When it comes to rooting Android devices, we see no better alternative than the SuperSU package developed by the recognized Android developer – Chainfire. However, since the introduction of Safety Net into the Android operating system by Google, apps can now detect root access on the system and deny services. Root is actually an exploit and not a feature. SuperSU binaries penetrate into the system, thus giving us extra features. Apps can now detect this exploitation and stop working. Some examples of such apps are Snapchat, Netflix, IRCTC, and several online banking applications. Snapchat declared it won’t work on rooted phones. As the internet banking apps are concerned for the security, they mostly deny services on rooted Android phones.

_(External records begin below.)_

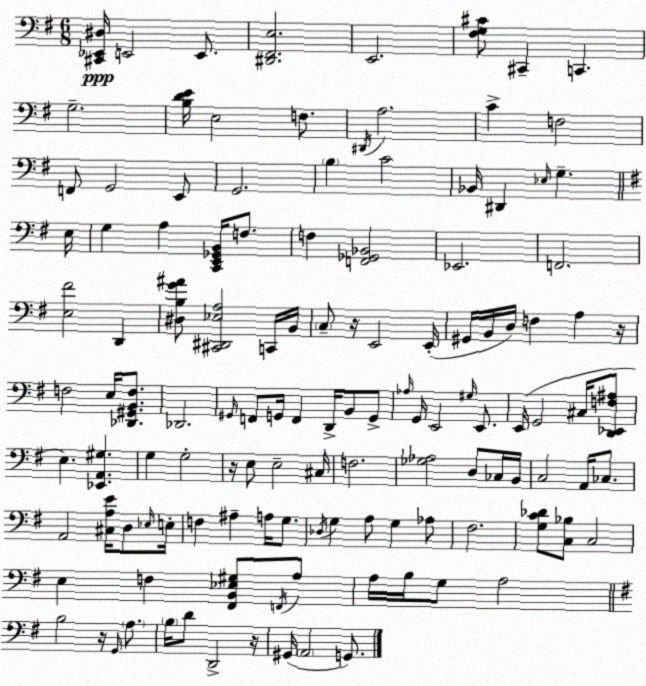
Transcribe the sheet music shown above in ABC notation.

X:1
T:Untitled
M:6/8
L:1/4
K:G
[^C,,_E,,^D,]/4 E,,2 E,,/2 [^D,,^F,,E,]2 E,,2 [^F,G,^C]/2 ^C,, C,, G,2 [B,DE]/4 E,2 F,/2 ^D,,/4 A,2 C F,2 F,,/2 G,,2 E,,/2 G,,2 B, C2 _B,,/4 ^D,, _E,/4 G, E,/4 G, A, [C,,E,,_G,,B,,]/4 F,/2 F, [F,,_G,,_B,,]2 _E,,2 F,,2 [E,^F]2 D,, [^D,B,G^A]/2 [^C,,^D,,_E,A,]2 C,,/4 B,,/4 C,/2 z/4 E,,2 E,,/4 ^G,,/4 B,,/4 D,/4 F, A, z/4 F,2 E,/4 [_D,,^G,,B,,F,]/2 _D,,2 ^G,,/4 F,,/2 G,,/4 F,, D,,/4 B,,/2 G,,/2 _A,/4 G,,/4 E,,2 ^G,/4 E,,/2 E,,/4 G,,2 ^C,/4 [D,,_E,,F,^A,]/2 E, [_E,,A,,^G,] G, G,2 z/4 E,/2 E,2 ^C,/4 F,2 [_G,_A,]2 D,/2 _C,/4 B,,/4 C,2 A,,/4 _C,/2 A,,2 [^C,A,E]/4 D,/2 _E,/4 E,/4 F, ^A, A,/4 G,/2 _D,/4 G, A,/2 G, _A,/2 ^F,2 [G,C_D]/2 [C,_B,]/2 C,2 E, F, [^F,,B,,_E,^G,]/2 F,,/4 A,/2 A,/4 B,/4 G,/2 A,2 B,2 z/4 G,,/4 A,/2 B,/4 D/2 D,,2 z/4 ^G,,/4 A,,2 G,,/2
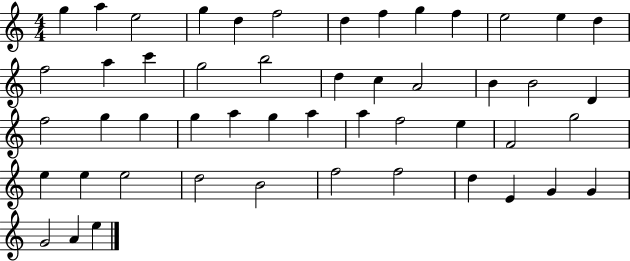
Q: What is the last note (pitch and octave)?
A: E5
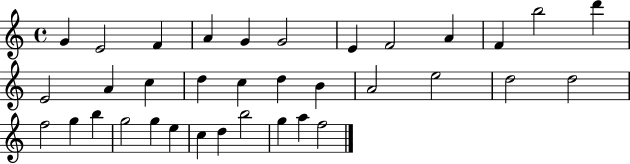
{
  \clef treble
  \time 4/4
  \defaultTimeSignature
  \key c \major
  g'4 e'2 f'4 | a'4 g'4 g'2 | e'4 f'2 a'4 | f'4 b''2 d'''4 | \break e'2 a'4 c''4 | d''4 c''4 d''4 b'4 | a'2 e''2 | d''2 d''2 | \break f''2 g''4 b''4 | g''2 g''4 e''4 | c''4 d''4 b''2 | g''4 a''4 f''2 | \break \bar "|."
}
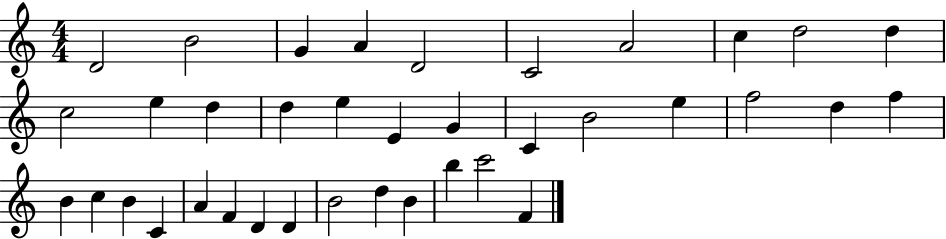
{
  \clef treble
  \numericTimeSignature
  \time 4/4
  \key c \major
  d'2 b'2 | g'4 a'4 d'2 | c'2 a'2 | c''4 d''2 d''4 | \break c''2 e''4 d''4 | d''4 e''4 e'4 g'4 | c'4 b'2 e''4 | f''2 d''4 f''4 | \break b'4 c''4 b'4 c'4 | a'4 f'4 d'4 d'4 | b'2 d''4 b'4 | b''4 c'''2 f'4 | \break \bar "|."
}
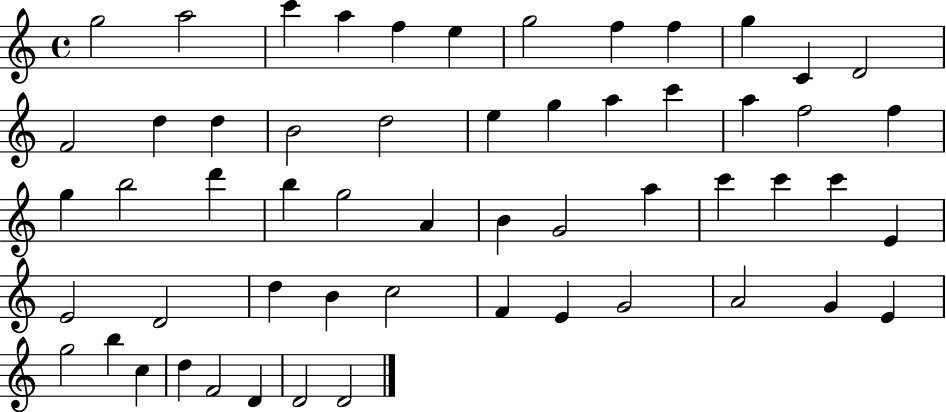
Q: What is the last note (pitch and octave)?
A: D4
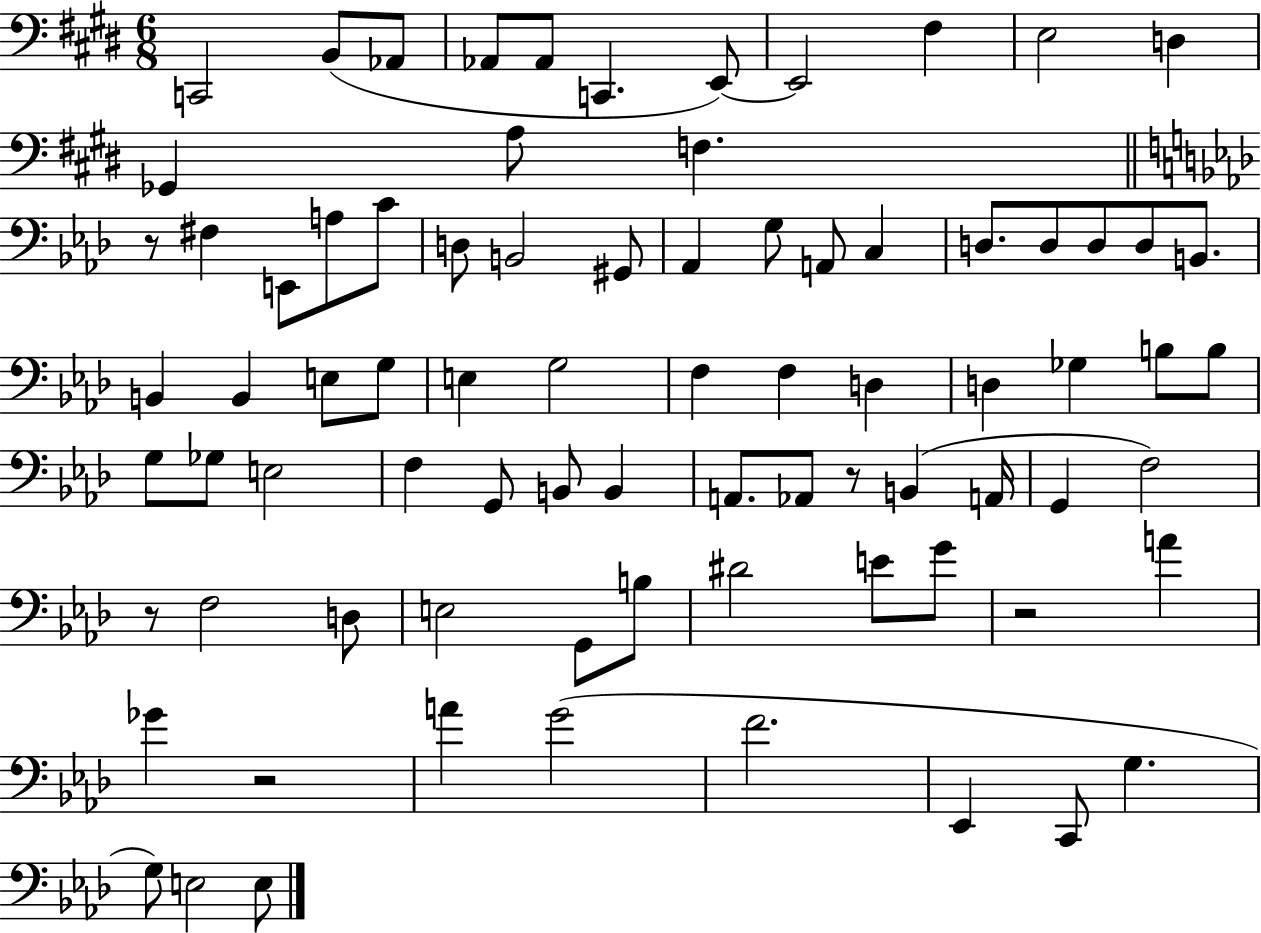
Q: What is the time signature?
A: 6/8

This is where the Magisk Manager comes into play. It can bypass the Safety Net on Android, enabling apps to work even on rooted Android phones. The best thing about Magisk is that it is systemless from the core. Hence, your device will still receive OTA updates regardless of root. Moreover, it works with Android P, Android 8.1 Oreo, or even the previous version such as Android 6.0.1 Marshmallow, 7.1.2 Nougat, up to Android O. It also has hide root option.
What is Magisk Manager?
Magisk Manager is an open source rooting app developed for Android devices based on the Universal Systemless Interface. Magisk Manager is an application and Magisk v12 zip consists of the framework which can be flashed through custom recoveries. Falling into an open source category, Magisk comes with several modules. Developers have made several Magisk modules like Google Assistant Enabler, Adblock, Viper4Android FX, Dolby Atmos. However, before you install any module, read the description and instructions. There’s a listing of the Xposed module as well. However, Xposed isn’t compatible with Nougat or later. Hence, that won’t work and may even put your device into bootloop.
Magisk Manager can be termed as an alternative to Xposed Framework. As Xposed isn’t available for Android 7.0 Nougat or later, Magisk can be an easy solution. You can find similar modules on Magisk as those found on Xposed.
How to install Magisk on any Android device?
The method is simple. The first thing you need is a custom TWRP setup on your Android. For Samsung, click here. You will also need the latest TWRP version from our downloads repository. Secondly, remove any other SuperSU root active on the device such as that of CFAR.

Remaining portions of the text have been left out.